Stored data entries:
***

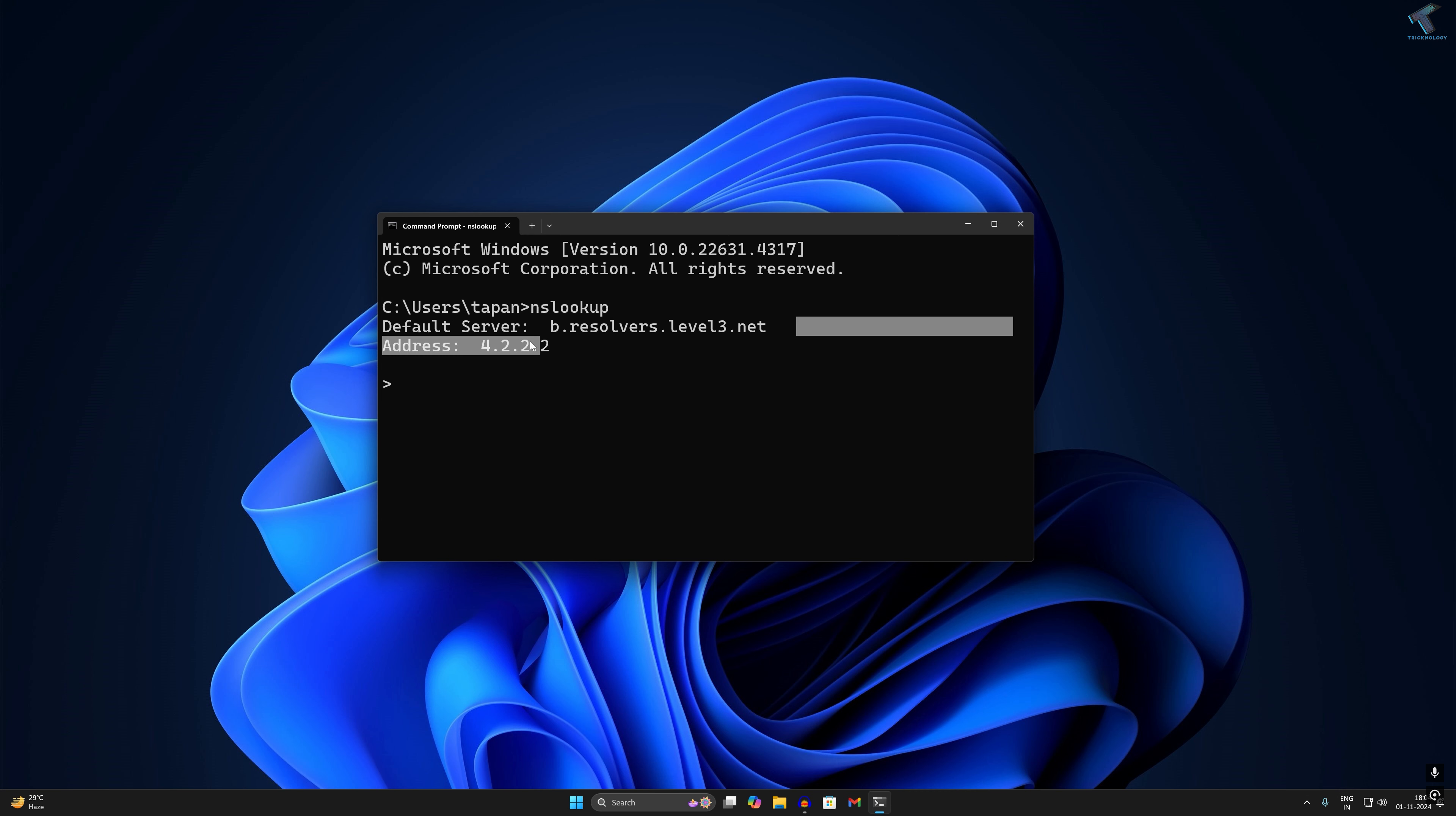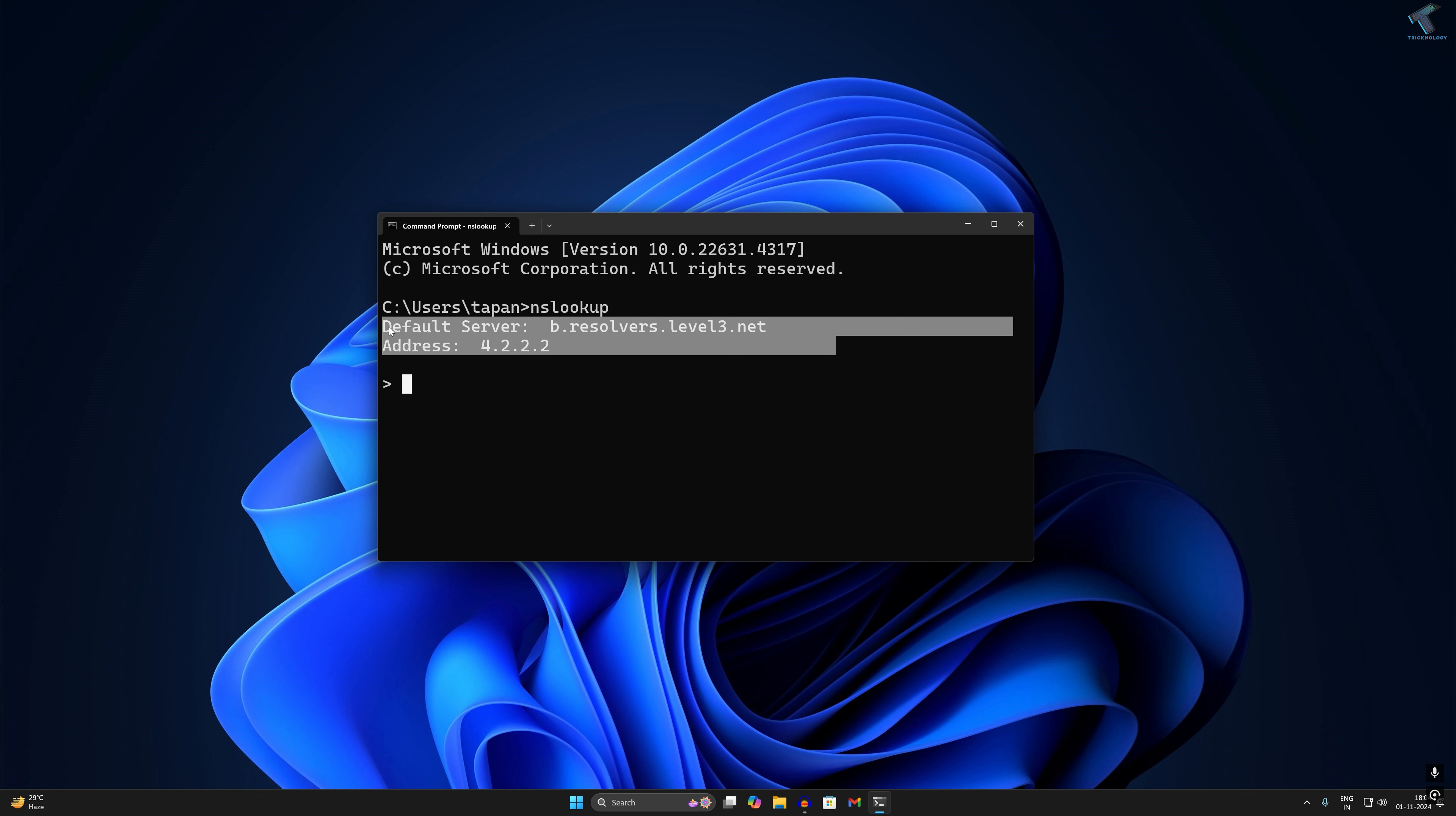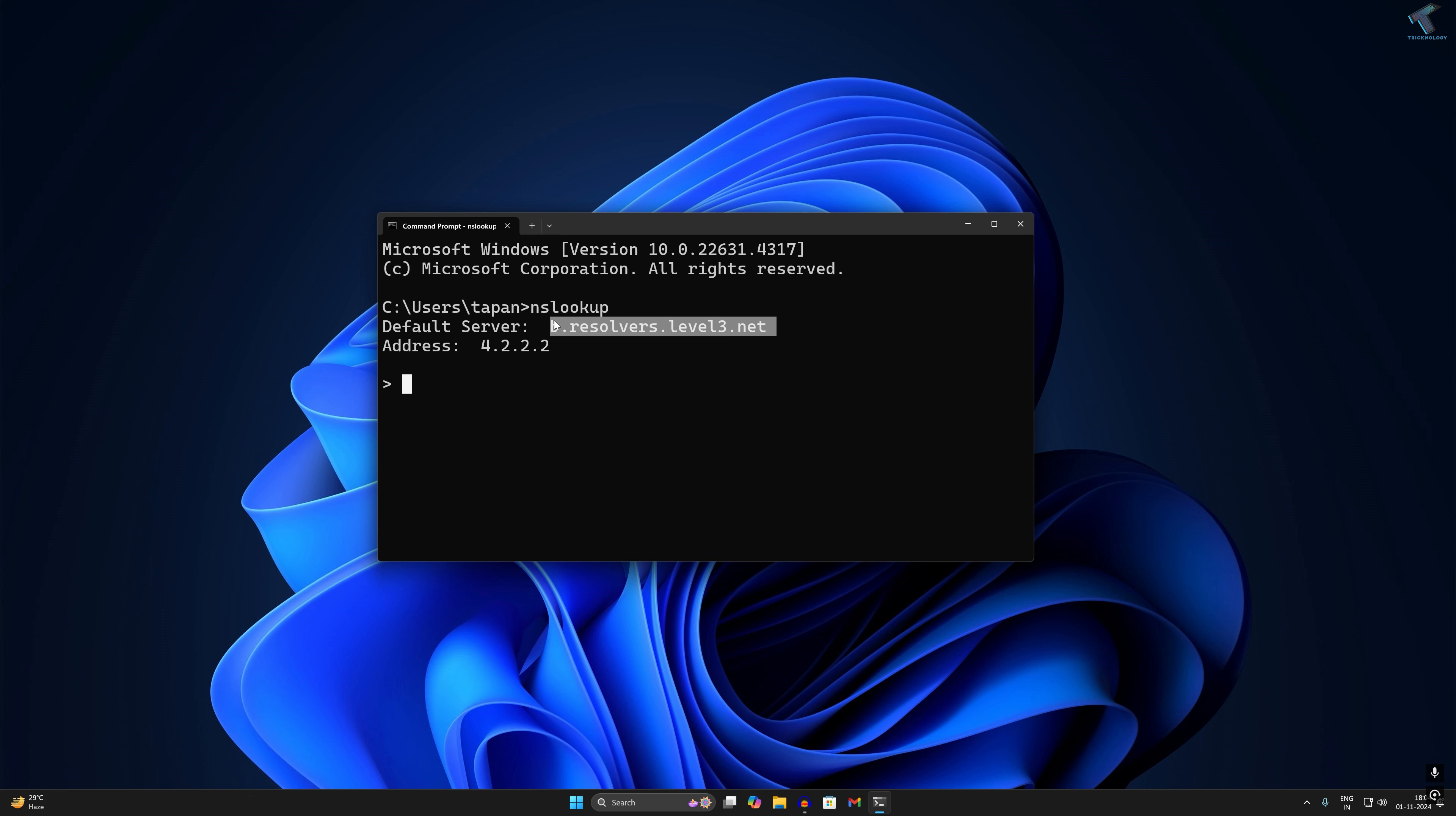Then it will show you over here. Currently I have not joined any domain server, so it is showing like this. If you have joined, then it will show you over here.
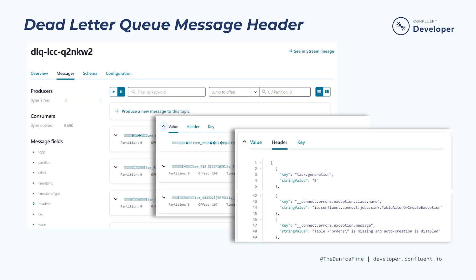In the dead letter queue topic view, select the messages tab, then drill into one of the messages and select the header tab. We can check into the header information to identify the possible cause for the message ending up in the dead letter queue.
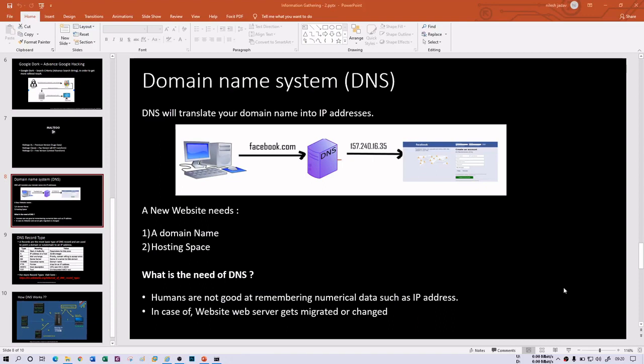In this session we're going to understand DNS reconnaissance, another kind of information gathering. To understand reconnaissance we need to understand the Domain Name System. I'm going to give you a quick introduction about DNS, since there are already YouTube videos, blogs, and websites available for DNS.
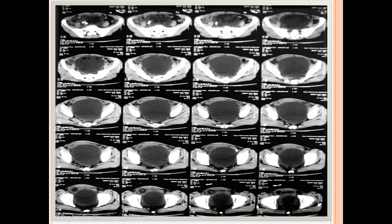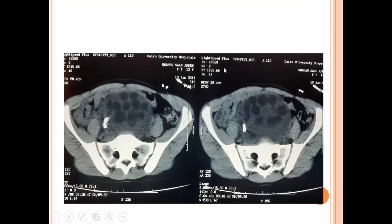Here is the uterus of this young girl — it is still a small uterus. This adnexal cystic lesion shows bone-like hypodense fat-attenuating structures, and there is also calcification seen here. These are fat balls floating within the cystic lesion, and this is a large bulky calcification seen in the cyst wall.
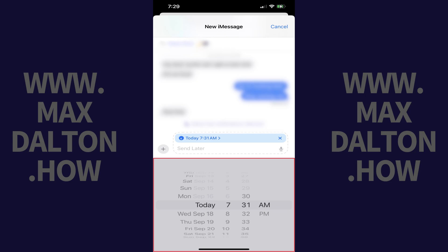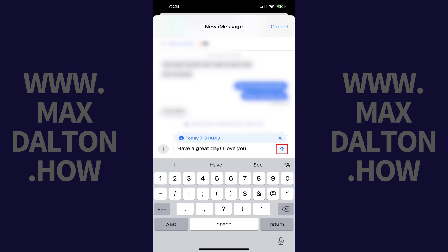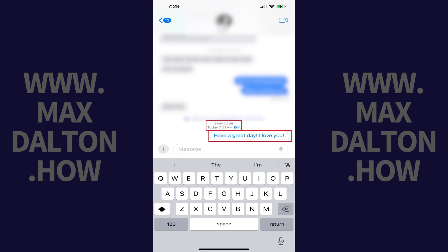Step 5. Choose the date and time you want this message to be sent. Now tap Send next to your message. You'll see a note that your text message will be sent later and the time your message will be sent. Your message will also have a blue outline around it.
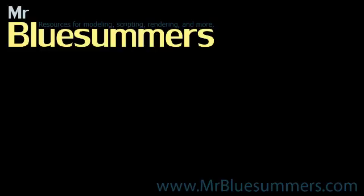Thanks for tuning in to another Monday movie. You can find all of my Monday movies as well as tutorials, resources, and downloads at my website, www.mrbluesummers.com.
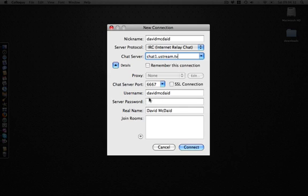Username stays the same. Server password is your account password, your Ustream password. Type in your password.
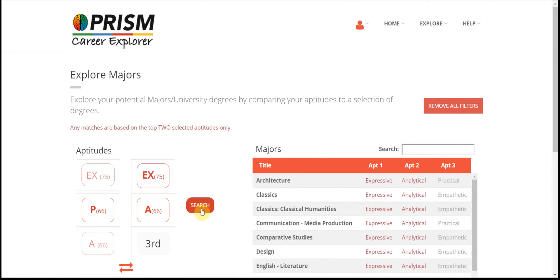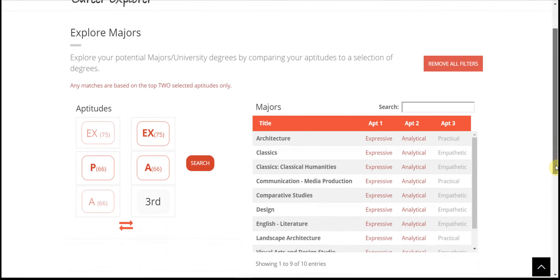The majors associated with this selection are shown on the right. You can revert to showing the whole database by removing all filters.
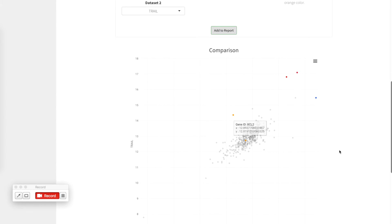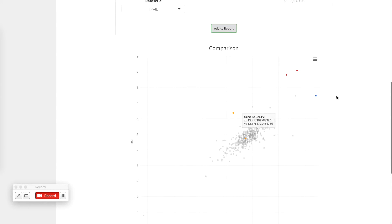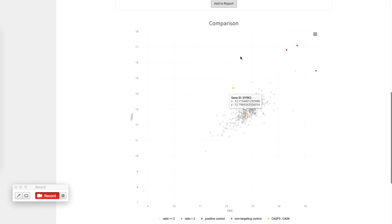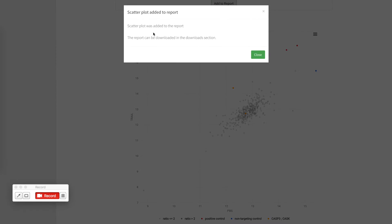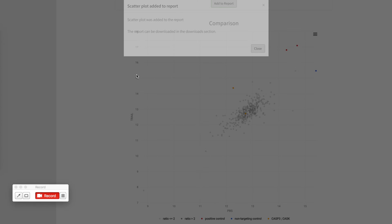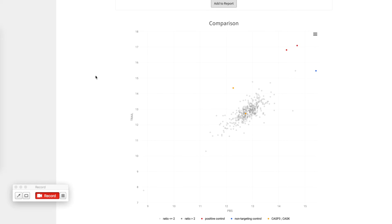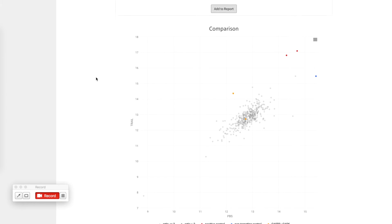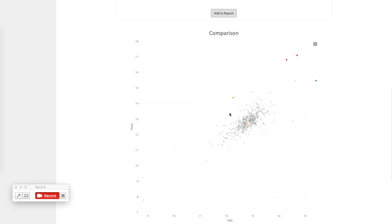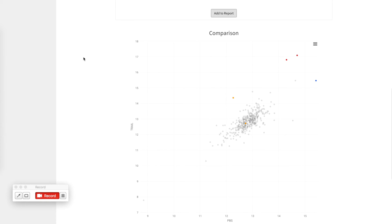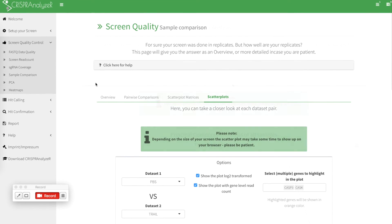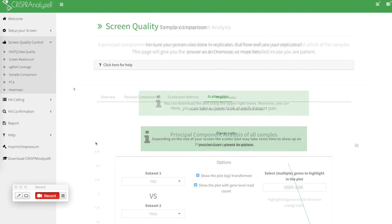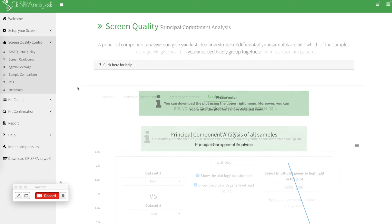Once you have changed something here, don't forget to click to add to report to really add this individual report that you have just created. Add this plot to your report. You can add multiple plots if you like. And once you have changed things here, hit the button and it will be added to the report.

***

## WHAT YOU WILL DO
Print from the line containing "In this session" through the line containing "Username stays the" in the data above, exactly as the lines stand, and omit every picture.

## REPLY
In this session we're going to understand DNS reconnaissance, another kind of information gathering. To understand reconnaissance we need to understand the Domain Name System. I'm going to give you a quick introduction about DNS, since there are already YouTube videos, blogs, and websites available for DNS.
Here is the uterus of this young girl — it is still a small uterus. This adnexal cystic lesion shows bone-like hypodense fat-attenuating structures, and there is also calcification seen here. These are fat balls floating within the cystic lesion, and this is a large bulky calcification seen in the cyst wall.
Step 5. Choose the date and time you want this message to be sent. Now tap Send next to your message. You'll see a note that your text message will be sent later and the time your message will be sent. Your message will also have a blue outline around it.
Thanks for tuning in to another Monday movie. You can find all of my Monday movies as well as tutorials, resources, and downloads at my website, www.mrbluesummers.com.
Username stays the same. Server password is your account password, your Ustream password. Type in your password.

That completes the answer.